Hydrogen Electrolyzer & Fuel Cell Manufacturing calculator

Leak Test Capacity Calculator

Estimate how many stacks the leak test cell can clear in a shift, day, or week. Enter the number of stacks tested per cycle, the planned cycles in the period, expected leak tester uptime, and the share of stacks that pass the leak decay or helium check on the first attempt.
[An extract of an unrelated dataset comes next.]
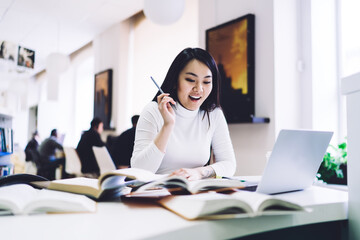 Elegant adult ethnic woman rejoicing breakthrough while sitting at laptop with notepad and books in office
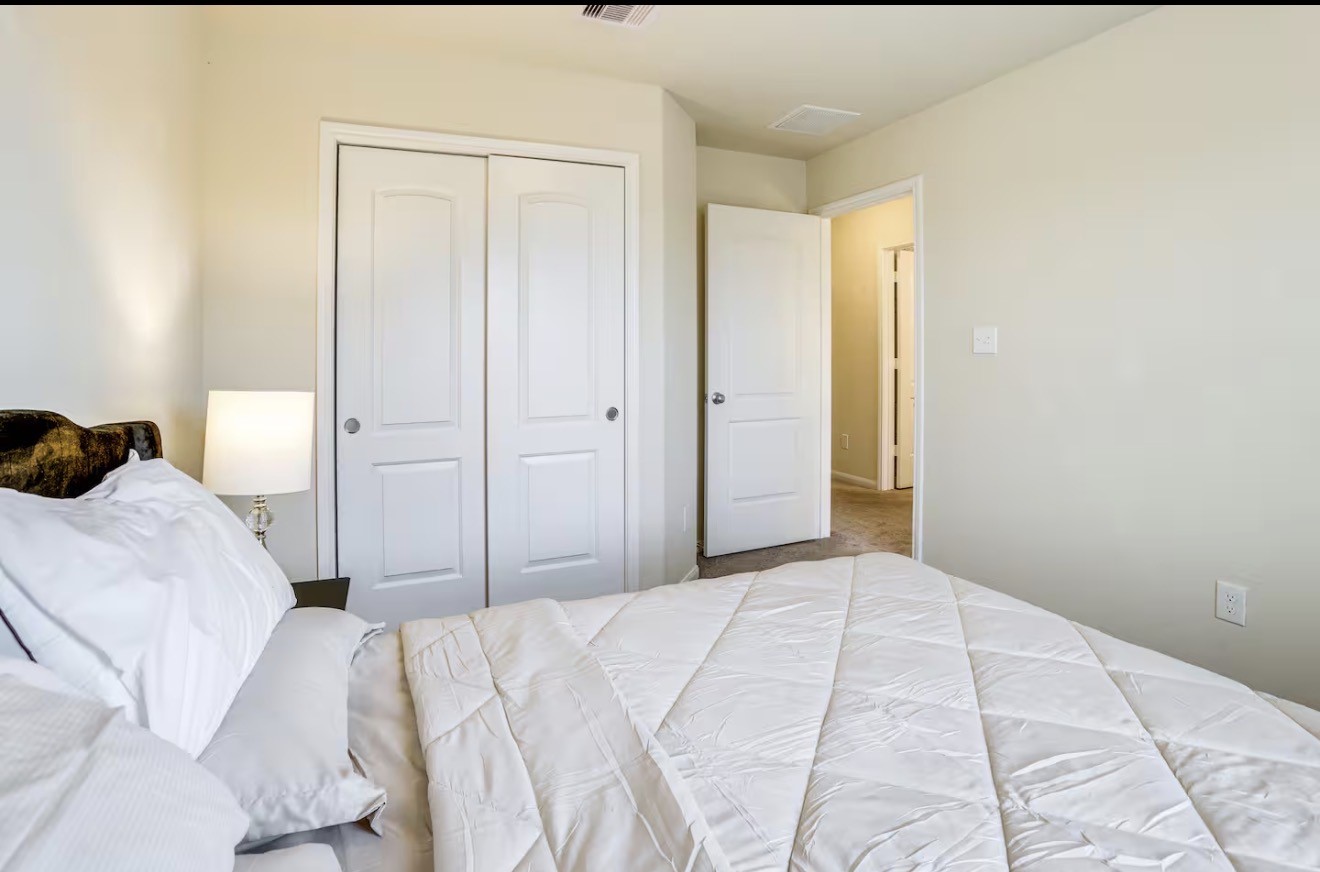 15015 Winter Valley Court Humble, TX 77396 - Photo 29 of 39 a bedroom with a bed and a window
The calculator returns gross capacity, good capacity, and the loss buckets.

What this calculator does

  • Estimate good-stack throughput on the leak test cell from stacks per leak-test cycle, planned cycles in the period, leak tester uptime, and leak-test pass rate at your target test pressure.
  • Use it when a test engineer or production planner needs to know whether the existing leak test bench can absorb a higher build rate, or whether a second helium or pressure-decay station is needed before the next build.
  • It returns how many stacks the leak test cell can clear in the period after downtime and rework, plus the gross-vs-good loss split.

Formula used

  • Gross leak test capacity = stacks per cycle × planned cycles
  • Good leak test capacity = gross capacity × leak tester uptime × first-pass rate

Inputs explained

  • Stacks per leak test cycle: Use the number of stacks fixtured per leak test cycle (typical 1 to 2 for a manual bench, up to 4 for a multi-port automated cell).
  • Planned leak test cycles in the period: Use planned cycles from the test schedule for the same shift, day, or week.
  • Leak tester uptime: Use measured leak tester uptime from station downtime logs, including pump downtime, calibration, and chamber maintenance.
  • Leak test first-pass rate at the target test pressure: Use the share of stacks that meet the pressure-decay or helium leak threshold (for example below 5 sccm at 30 barg) on the first attempt.

How to use the result

  • Use it before approving a build-rate increase, before signing off on adding a second leak test bench, or when reviewing whether a slow leak (drift) failure pattern is eating capacity.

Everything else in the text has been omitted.